Like learning to craft a checkers board. The process has been mastered by others, it is learning the reason for the process that matters, to help you build other gaming boards of your own.
You need to iterate on your designs -- make an an initial design, implement it, play it, hypothesize how it could be refined or made more fun, change the design, and repeat.
This is something that's missed by a lot of "idea guys" who've been designing their magnum opus for 10 years in isolation... In the real world, the designer is extremely active throughout the entire development cycle, guiding and refining the implementation as it comes into being.
In a a text adventure game the possibilities are really limited, so you can think of everything that can happen beforehand. In action games things can get messy, because the player has more control and might do things you have not anticipated.
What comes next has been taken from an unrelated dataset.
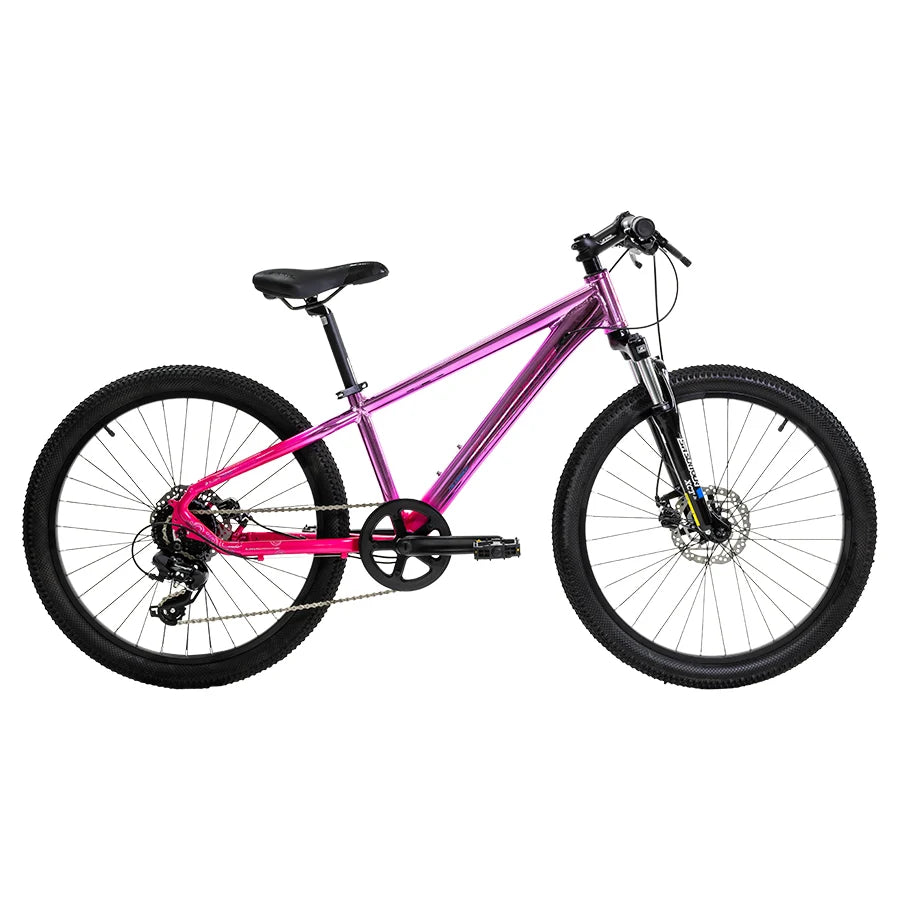 Bicicleta de montaña Alubike Sierra R24 1x8V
I'm assuming your question is about tackling this problem. If so:
One method is to try and think of the possibilities you haven't though of yet. It's hard and time consuming, but that's part of both programming and game design. Try to come up with as many "what if"s as you can, can come up with solution for them.
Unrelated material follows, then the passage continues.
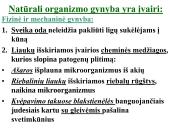 Antibiotikai. Organizmo apsauga nuo žalingo aplinkos poveikio 6 puslapis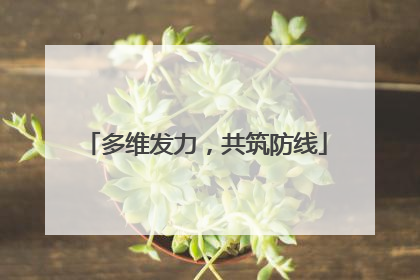 多维发力，共筑防线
Another popular method is to create a gameplay prototype. This prototype has the specific gameplay that you have in your action game, but none of the other parts of the game (story, art, levels, sound, particular assets, etc.). This allows you to play around with your gameplay and tweak it until it becomes fun.
I hope that answers your question. There might be other methods which I am unaware of.
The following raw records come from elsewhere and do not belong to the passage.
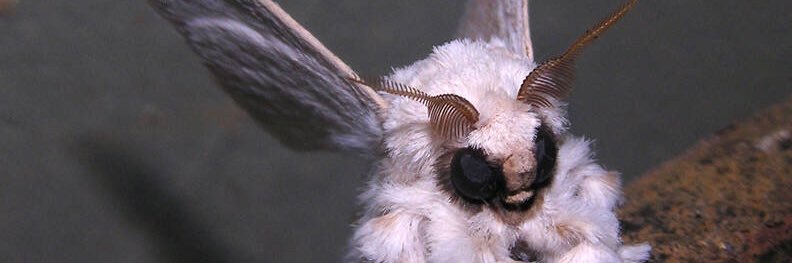 isdjmothman's profile banner image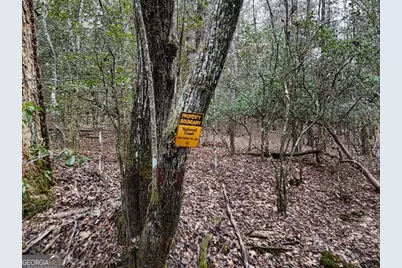 Lt 28/29 New Water Way, Blairsville, GA 30512 - Photo 5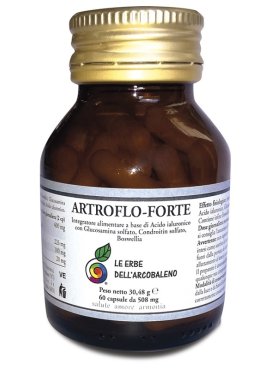 ARTROFLO FORTE 60CPS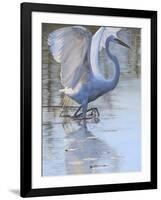 Bird-Rusty Frentner-Framed Giclee Print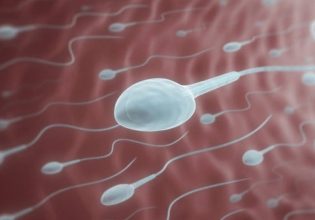 Έρευνα: Μόνο το 4% των υποψήφιων ανδρών γίνονται τελικά δεκτοί ως δωρητές σπέρματος
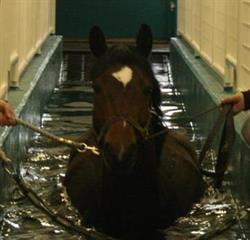 Ale Häst Spa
This isn't a game design question, this is essentially "How do you program?"
Agreed. Moving to a more appropriate forum.
I know im new, but im in this stage myself. To begin, i suggest teambox.com, its amazing for file and task management.
You need your GDD(General/Game Design Document) which you have. next is your feature list.
- FeatureA
- FeatureB - Depends on FeatureA
- FeatureB-1
- FeatureB-2
- FeatureB-2-1
- FeatureB-2-2
- FeatureC
- FeatureD
- having a more concentrated view of what's gonna make up the game.
- Establishing any needed prerequisites.
- Determining development order, for example, if featureB depends on featureA then we cant finish B until A is finished.
- Determine development times - The more you break things down, the easier it is to determine how long things will take
- The flow charts now help everyone get on the same page of how things are going to go in terms of order and time.
- Activity Diagrams:
- You want to draw out an activity diagram for the general usage of a user. It should outline the flow and possibilities the average user will face from their registration on wards. This means all the different pages they can goto and things they can do, in general.
- You want an activity diagram for money currency. This should outline the flow of how a user can get currency, and how they can spend it from when they start the action that gets them the currency, to when and how they can use.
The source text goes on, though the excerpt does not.